In the end, it’s all about the numbers.
When a co-op or condo board stages its annual meeting, the most pressing question is: do we have a quorum? Without one, no official business can take place – no new members elected, no votes on flip taxes, no alterations to the governing documents. No meeting. No changes.
In the past, boards have tried various techniques to achieve a quorum. Attorney James W. Glatthaar, a partner at Bleakley Platt & Schmidt, recalls some of his clients using enticements. One raffled off a big-screen television. Others used food. They catered a few big platters, and people did come. “They had dinner and they voted,” Glatthaar says. “While the votes were tabulated, they had dessert.”
Some boards have announced an impending maintenance increase and/or a lobby renovation – two of the more controversial issues a board can face – only to take those items off the agenda when a large turnout of irate residents showed up at the gathering.
But changing times call for changing techniques, and some boards are looking at a pair of innovative new ways to achieve a quorum.
Change the Numbers
When the numbers don’t support you, change the numbers.

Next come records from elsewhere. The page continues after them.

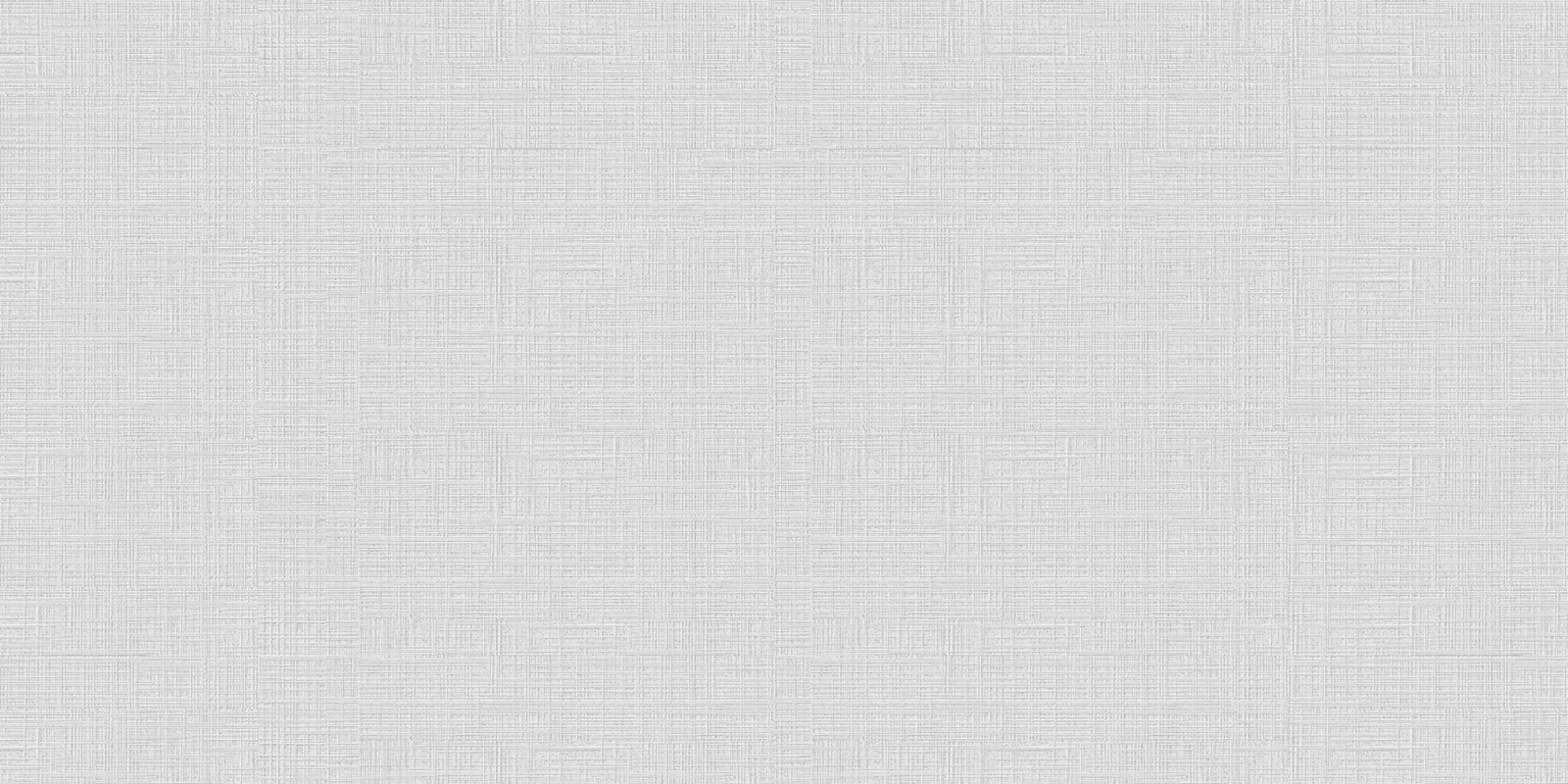 Gạch Ốp tường Ý Mỹ 30x60 F368023T - Ảnh 2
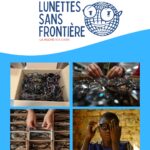 Lunettes Sans Frontière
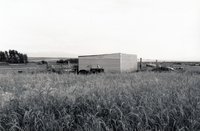 Martinez farm 004 thumbnail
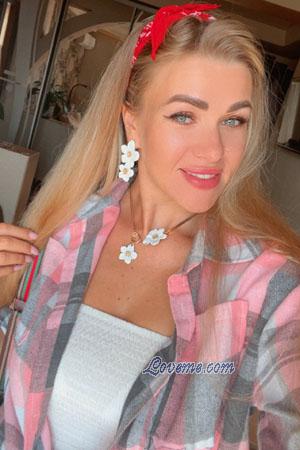 225754 - Liliya Age: 37 - Ukraine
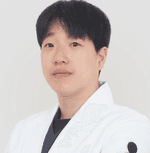 Dr. Lee Hyunho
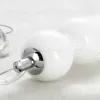 Подвесной светильник Lussole Loft LSP-8501 LSP-8501 - 3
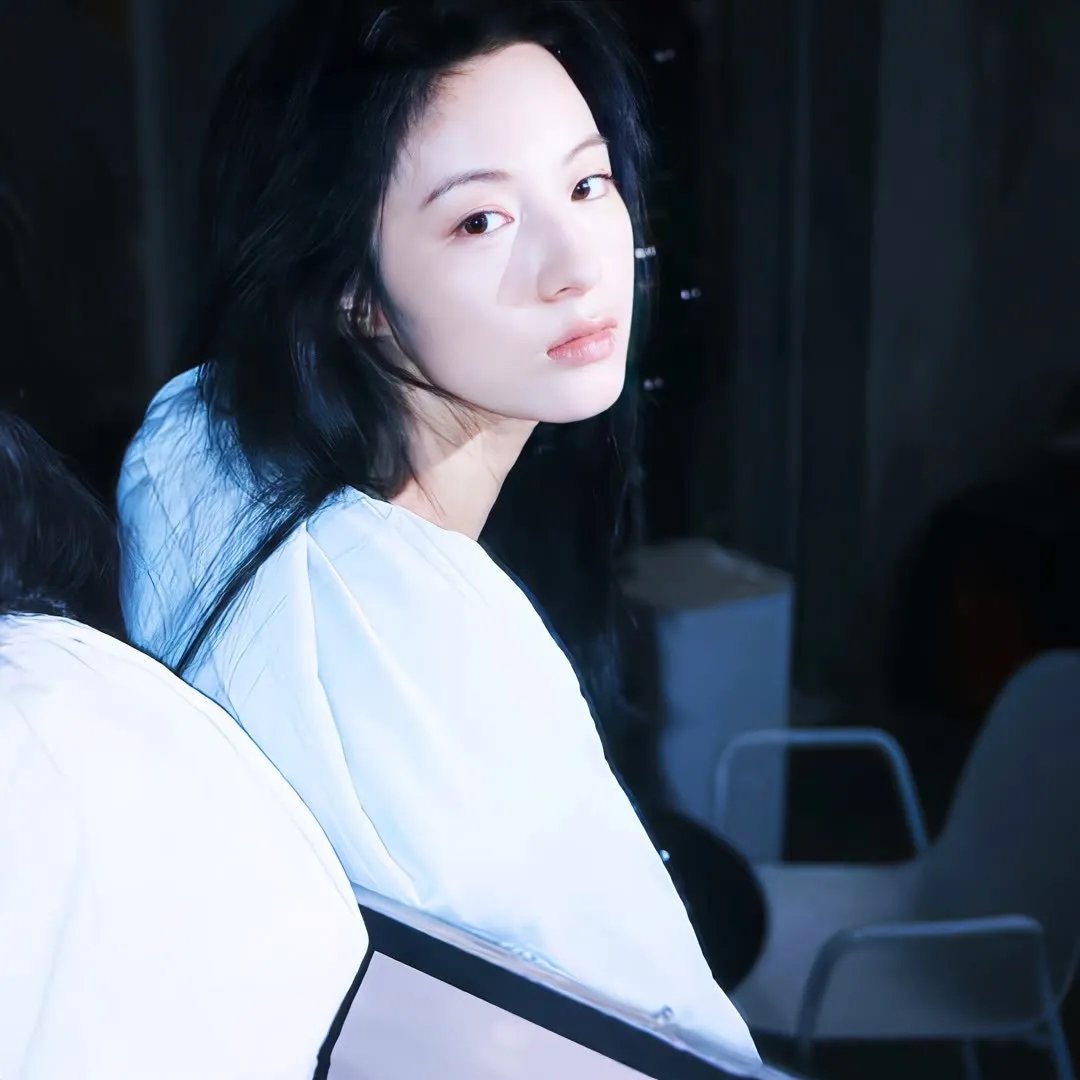 黑水吸血鬼
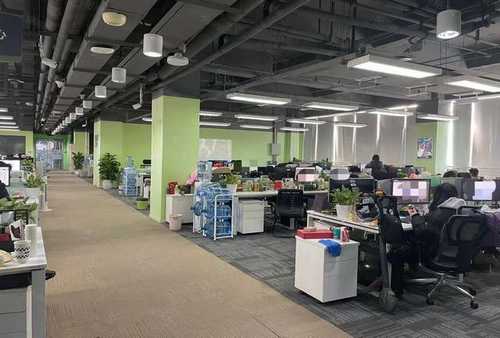 吉林镀锌穿线管厂家批发价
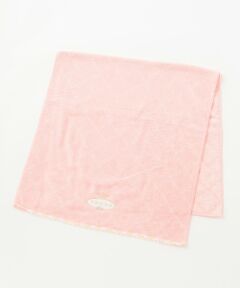 【TOWEL COLLECTION】FELICE BATH TOWEL バスタオル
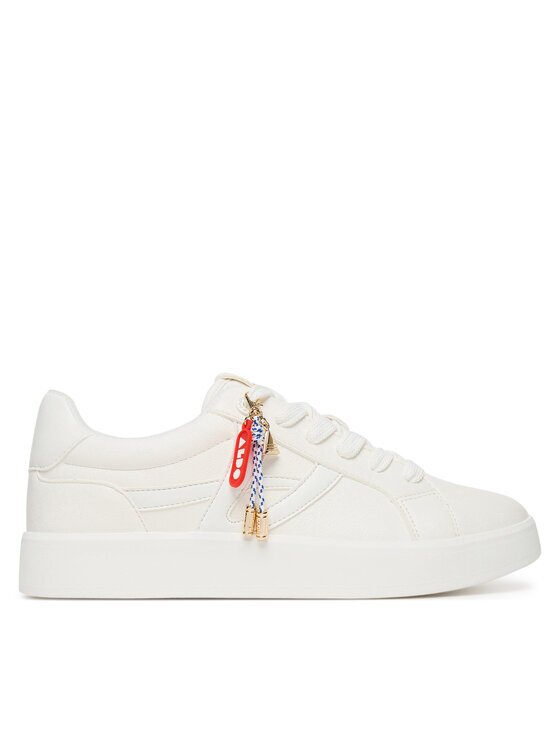 Aldo Сникърси Mtln72sneaker-L 14044576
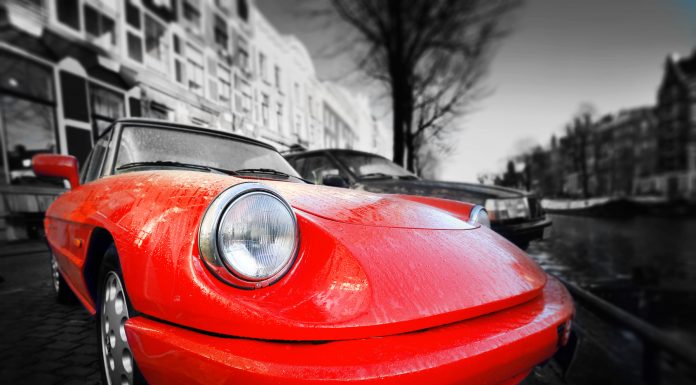 World class Chelsea target receives offer from Spanish giants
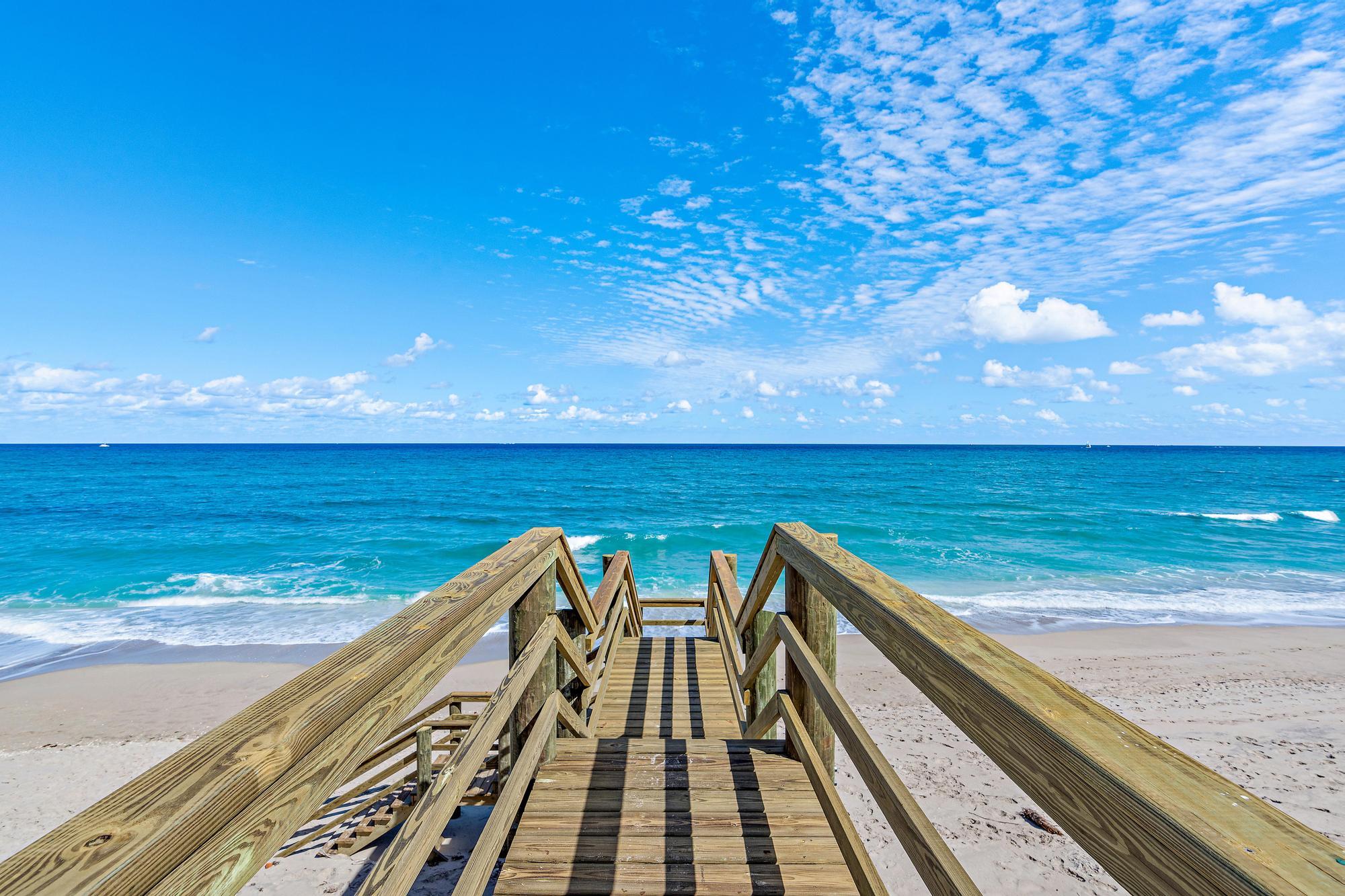 5150 N Ocean Drive 1201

One Tribeca condominium has it written into its bylaws that if the building cannot reach a 51-percent resident quorum, the board may wait a required period, then try for a 33-percent quorum, and then, failing that, wait a required period and go for a 25-percent quorum.
“There is typically nothing in the bylaws that provides for a set period of time to pass between meetings,” observes attorney Richard Herzbach, a partner at Certilman Balin Adler & Hyman, who uses this method. “But, typically, the notice provision in the documents requires a minimum of 10 days’ notice before the scheduling of the next attempt to achieve a quorum.”
“A building I work with has done this,” says attorney Deborah Koplovitz, a shareholder in the firm Anderson Kill. “The developer drafted into their bylaws a clause that says [if they don’t get the minimum required for a quorum] they can lower their numbers and reschedule in another attempt to achieve a quorum. If you’re lucky enough to be in a condo like that, you just don’t have to worry about it. You can have your meetings and conduct your business.”
Expand the Field
Embracing technology can make a difference between getting a quorum and missing the mark. Many have faced the uphill struggle to collect enough paper proxies from owners who won’t, or don’t, attend the annual meeting. But combine online voting with a video or audio conferencing tool, and your attendance and vote-getting could soar. Googling “online voting tools” turns up many providers, as does a search for video conferencing. Which platform you choose is probably dependent on how tech-savvy your board and owners are.
There’s a difference between board meetings and annual shareholder/unit-owner gatherings, however. Most experts agree that conference calls and video conferencing technologies are valid for board meetings – provided everyone can hear everything that’s being said. If boards do use such a system, they should amend their bylaws and proprietary lease to provide for that, cautions Herzbach, the attorney.
“When a board member is attending a board of directors’ meeting, they have a fiduciary responsibility to all of the shareholders,” notes attorney Stuart Saft, a partner at Holland & Knight. “But when a shareholder attends an annual shareholders’ meeting, they are there representing themselves. If they’re satisfied being on a one-way telephone hookup, that’s their business. If they want to vote in favor of or against something, and they haven’t heard everything that has been said, and they’ve missed part of the meeting, they are only voting for themselves, and not someone else.”
Some lawyers have expressed concern that using technology for annual meetings doesn’t have any case law behind it, so it could be challenged in court. “If you use something like Skype, and then the shareholder emails a ballot, we have no way of telling if that ballot is coming from the shareholder or someone pretending to be the shareholder,” says Glatthaar. “That raises the question of the integrity of the process.”
“Listening in on a meeting by the internet or phone is a good use of technology, but voting that way opens up the real possibility of litigation,” adds Richard Klein, a managing partner at the law firm Romer Debbas.
But Saft is sanguine about the possibilities, arguing that the future is here and that boards can take advantage of technology to improve meeting attendance and the meetings themselves, “I don’t have a problem with any type of communications technology,” he says, “as long as the shareholder has authorized the representation on his or her behalf.”